Adames hit his first home run with his new team as the San Francisco Giants beat the Philadelphia Phillies, 10-4, clearing the right-center field fence to put the exclamation point on a six-run second inning that paved the way for the team’s third win in four games of this road trip.

It was a much-needed swing of the bat for Adames, who entered play with a .186 batting average and .506 OPS. Adames’ offensive output remains below average, but his two hits were a step towards looking like the player the Giants hoped to get when they signed him to a franchise-record $182 million deal. Before that swing in the second, Adames had gone 135 plate appearances without homering (including the postseason), his last home run being on Sept. 14, 2024.

Tyler Fitzgerald broke a slump in his own right by finishing a single shy of the cycle, doubling, tripling and hitting a three-run homer.
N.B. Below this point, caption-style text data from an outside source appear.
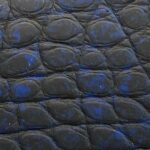  阿斯忒里亞 鱷魚皮 - 藍色 橡膠觸感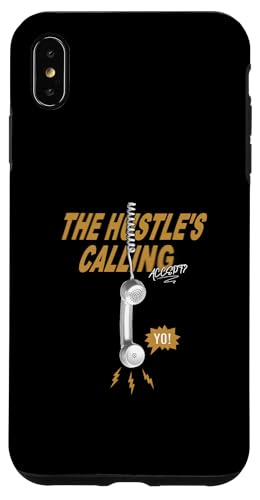 Brown Pick Up The Call ブラウン グラフィック スマホケース iPhone XS Max 用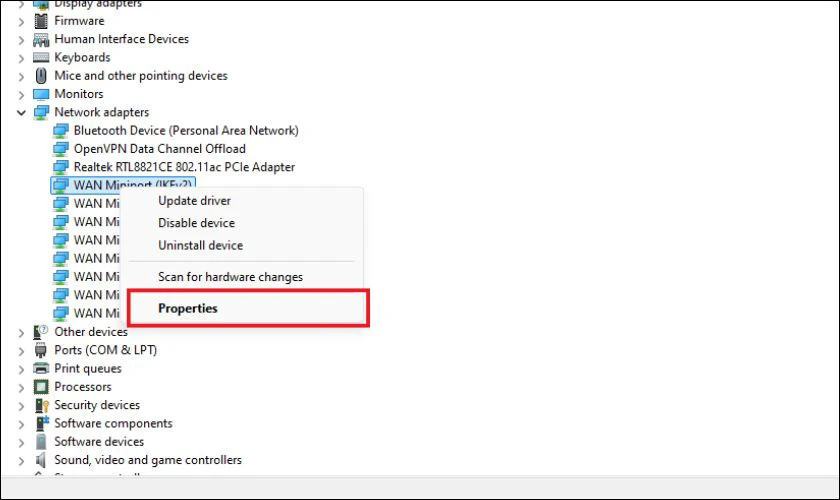 Chỉnh sửa Power Management Settings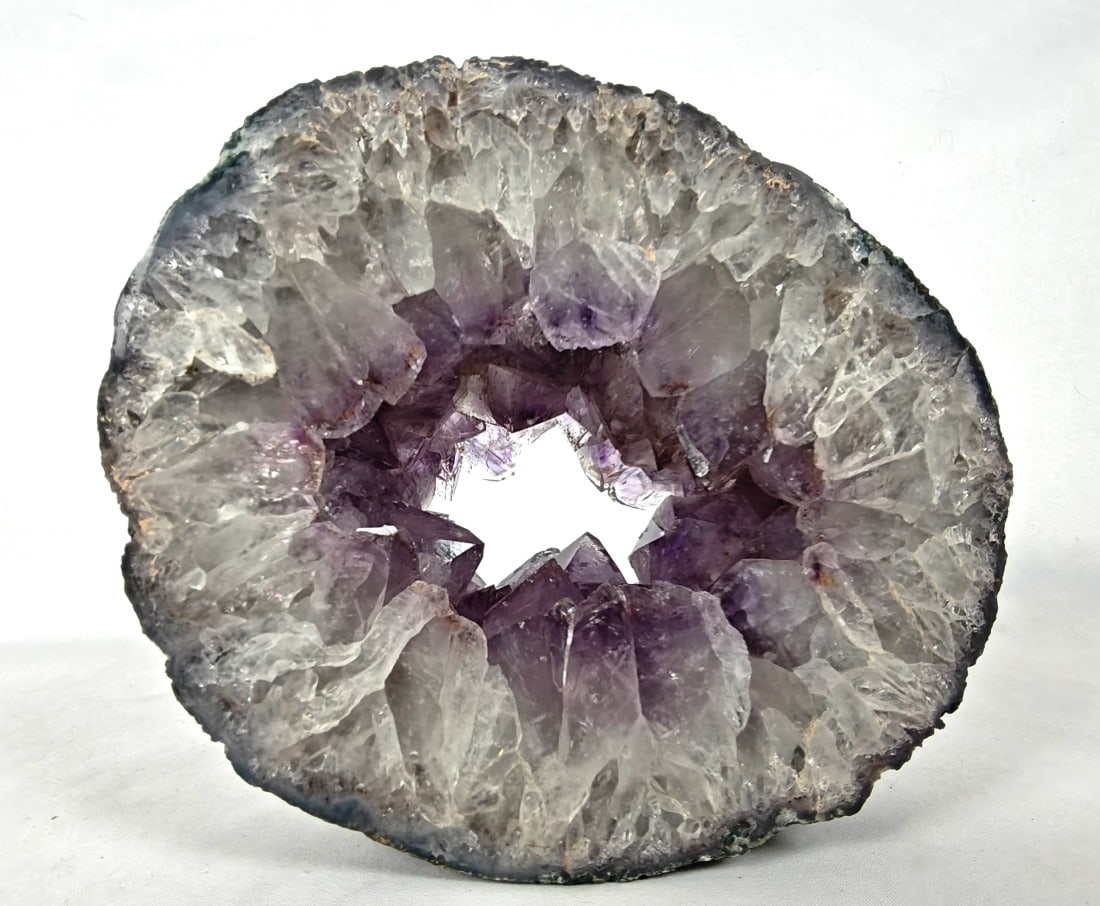 Natural Polished Amethyst Geode Slice - 2.50kg (1 of 6)
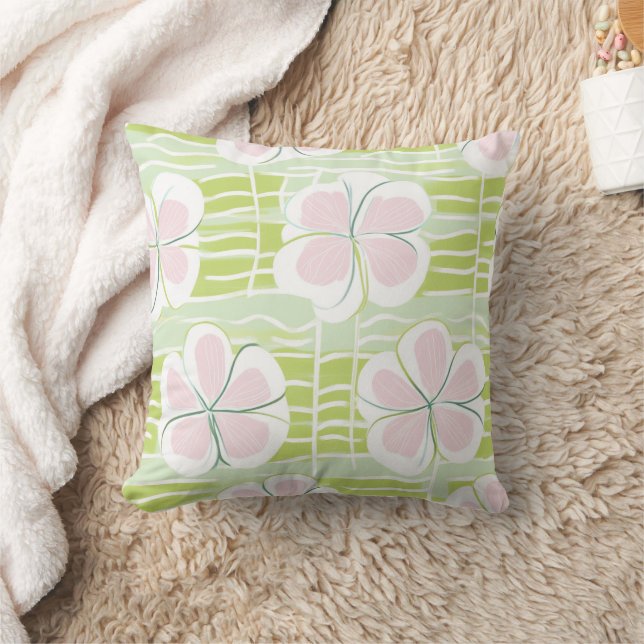 Coussin Motif de ligne florale abstrait moderne (9) (Couverture)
Mike Yastrzemski continued to stay hot by driving in three runs and hitting a two-run homer off left-hander Tanner Banks, his first homer off a lefty since June 19, 2023.

Landen Roupp didn’t have his finest outing as he allowed four earned runs over five innings, but the start was impressive in that Roupp was able to bounce back from a three-run first inning. Roupp needed 36 pitches to record his first three outs, forcing manager Bob Melvin to get Spencer Bivens warmed up when Roupp got to the bottom of Philadelphia’s lineup.

 

Roupp’s bread and butter against the Phillies was his curveball, a pitch he went to early and often. The right-hander threw 56 curveballs, the most thrown in a single outing by a Giants pitcher in the pitch-tracking era (since 2008). Roupp also generated 15 whiffs with the curveball, which is also the most with that pitch in a single game by a Giant in the pitch-tracking era.

The Phillies threatened to put together another big inning in the bottom of the fourth, putting runners on second and third with no outs. With the bullpen on red alert, Roupp pulled off a Houdini act by retiring three straight batters to escape without allowing a run. After getting Trea Turner to hit into an inning-ending groundout, Roupp emphatically slammed his hand into his glove as he walked back to the dugout.

Erik Miller benefited from some luck in the bottom of the seventh inning. With two runners on base, the Phillies’ J.T. Realmuto sent a deep fly ball to left field with home run distance that veered foul. Three pitches later, Miller threw a payoff backdoor slider that home plate umpire Tony Randazzo called strike three — a pitch that was several inches off the plate. Realmuto argued the call amidst a cacophony of boos, and Miller escaped the inning unscathed.